DOI=10.3389/fcimb.2020.612360

ISSN=2235-2988

ABSTRACT=Background: Role of lung epithelial cells in HIV-1-related lung comorbidities remains unclear and major hurdle in curing HIV is the persistence of latent HIV reservoirs in people living with HIV (PLWH). The advent of combined antiretroviral therapy has considerably increased the life span; however, the incidence of chronic lung diseases is significantly higher among PLWH. Lung epithelial cells orchestrate the respiratory immune responses and whether these cells are productively infected by HIV-1 is debatable.

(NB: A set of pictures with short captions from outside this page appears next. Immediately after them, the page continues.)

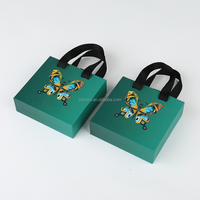 Boîte cadeau en carton de papier d'art personnalisé pour bijoux montre emballage avec tiroir coulissant UV estampage à chaud poignée de ruban doublure en éponge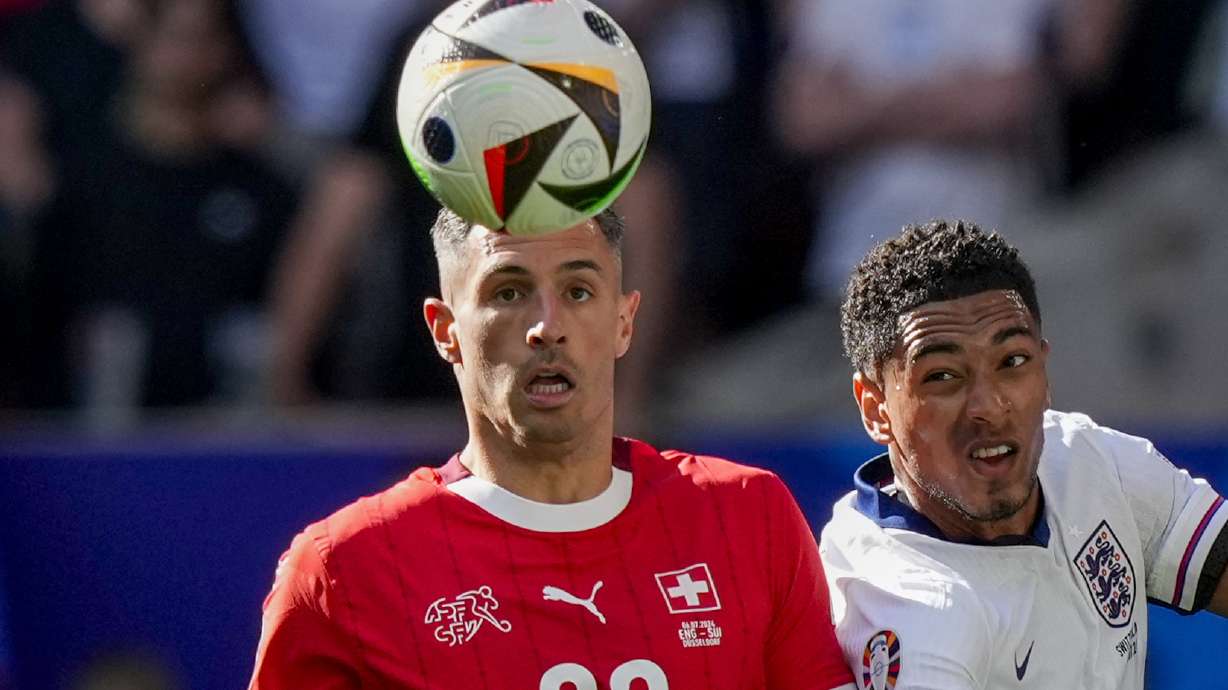 FILE - Switzerland's Fabian Schar, left, vies for the ball with England's Jude Bellingham during the quarterfinal soccer match between England and Switzerland at the Euro 2024 soccer tournament in Duesseldorf, Germany, Saturday, July 6, 2024.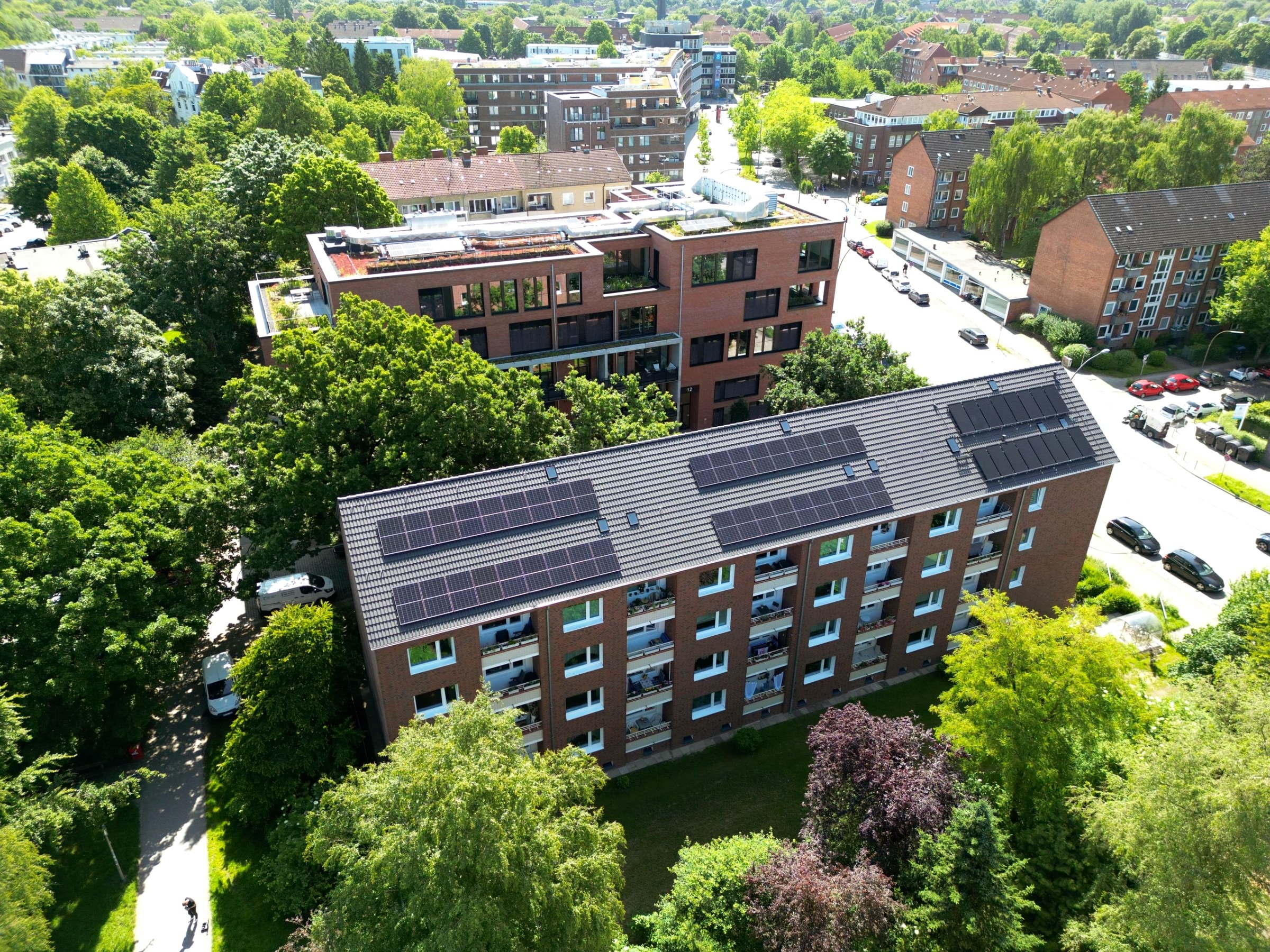 Luftaufnahme eines Mehrfamilienhauses mit Photovoltaikanlage auf dem Dach in der Stadt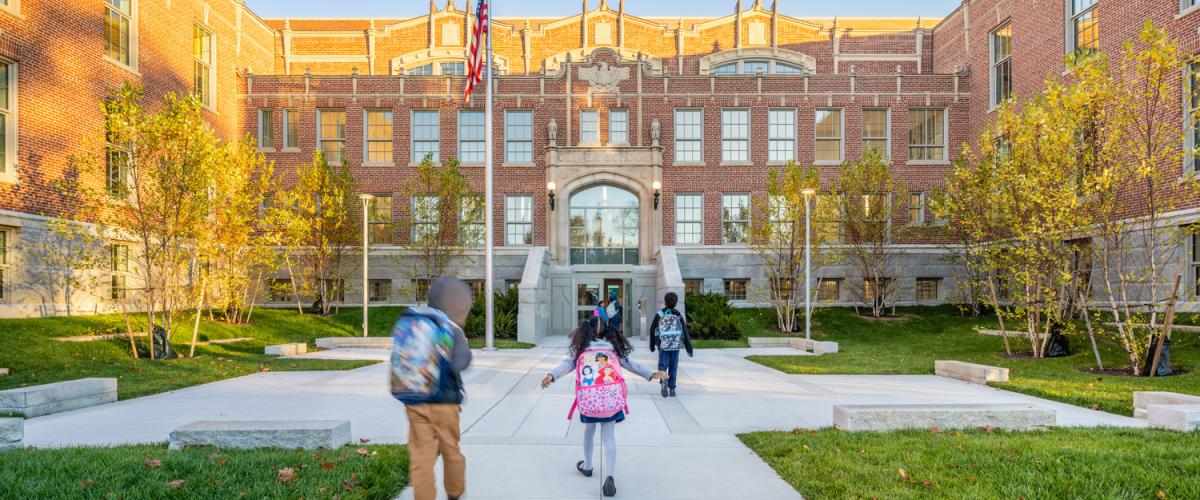 A historic brick school building with large windows and an ornate central entrance. A flagpole stands in front of a landscaped courtyard with walkways leading to the doors. Students with backpacks are walking toward the entrance.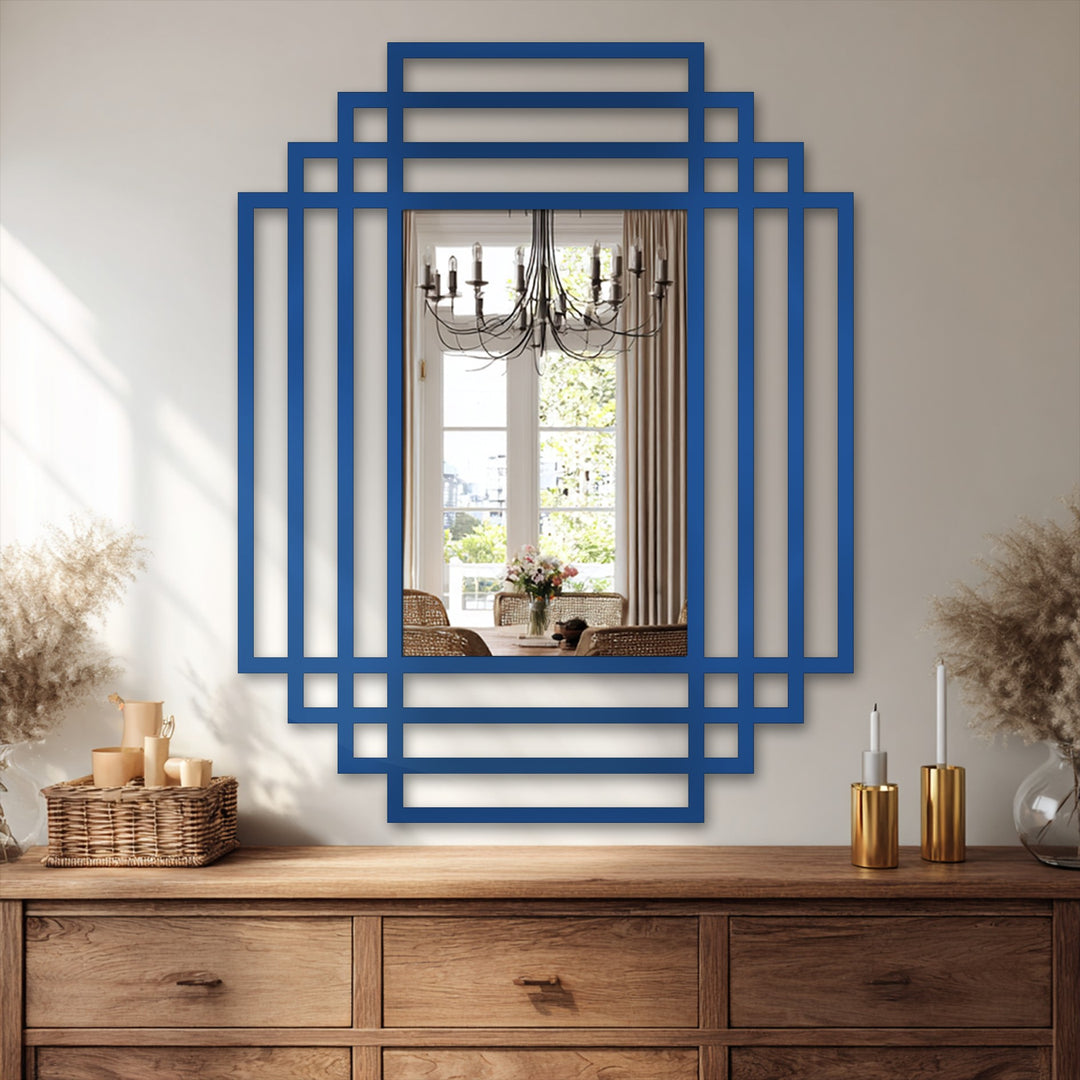 Brightest within the mirrored reflection reveals a dining room setting, framed by a striking symmetry grid decorative mirror featuring a modern, layered design in a bold, blue hue.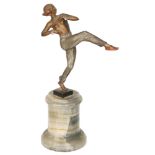 Bruno Zach - A small Art Deco cold painted bronze figure of a lady wearing pantaloons trousers in a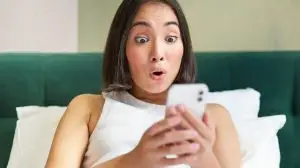 Asain girl watching a social media trend on her phone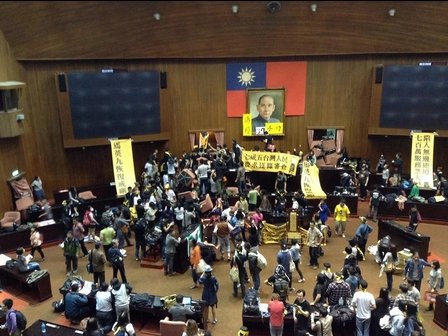 Taiwan's parliament has been occupied by hundreds of students and activists protesting against a trade deal with China and defying police efforts to evict them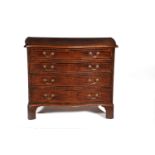 A George III mahogany, crossbanded, and line inlaid chest of drawers, circa 1770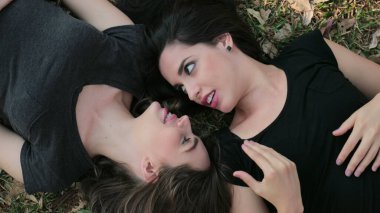 LGBT lesbian couple lay in a field daydreaming looking at each other smiling
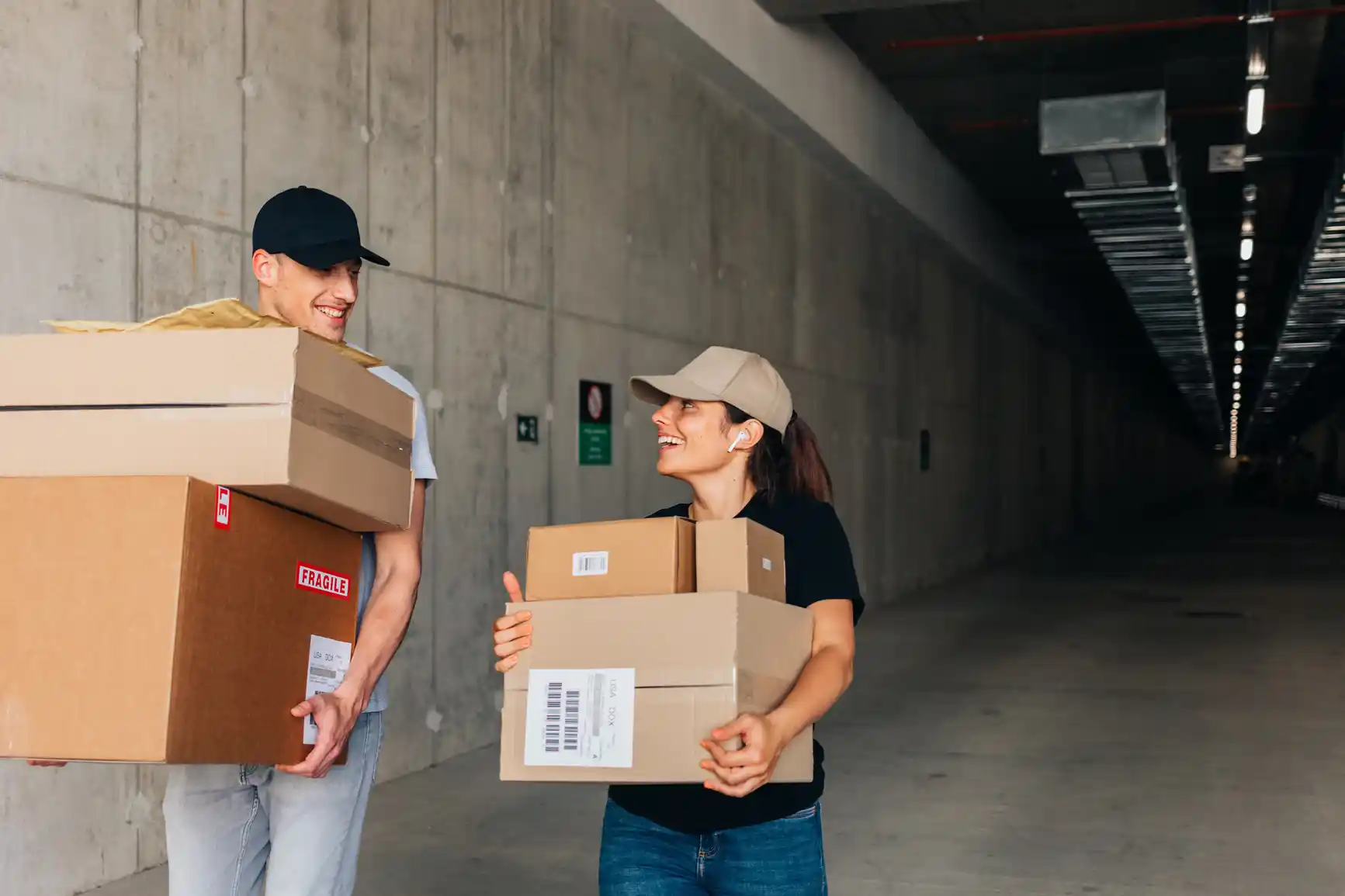 Two people wearing caps smiling at each other while carrying cardboard boxes in a warehouse or industrial hallway.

Methods: Normal human bronchial epithelial cells (NHBEs) grown on air-liquid interface were infected with X4-tropic HIV-1LAV and examined for latency using latency-reversing agents (LRA). Role of CD4 and CXCR4 HIV coreceptors in NHBEs were tested and DNA sequencing analysis was used to analyze the genomic integration of HIV proviral genes, Alu-HIVgag-pol, HIV-nef, and HIV-LTR. Lung sections from HIV-infected humans and SHIV-infected macaques were analyzed by FISH for HIV-gag-pol RNA and epithelial cell-specific immunostaining.
Results & Discussion: NHBEs express CD4 and CXCR4 at higher levels than A549 cells. NHBEs are infected with HIV-1 basolaterally, but not apically, by HIV-1 in a CXCR4/CD4-dependent manner leading to HIV-p24 production; however, NHBEs are induced to expressed CCR5 by IL-13 treatment. In the presence of cART, HIV-1 induces latency and integration of HIV-provirus in the cellular DNA, which is rescued by the LRAs (endotoxin/vorinostat). Furthermore, lung epithelial cells from HIV-infected humans and SHIV-infected macaques contain HIV-specific RNA transcripts. Thus, lung epithelial cells are targeted by HIV-1 and could serve as potential HIV-reservoirs that may contribute to the respiratory comorbidities in PLWH.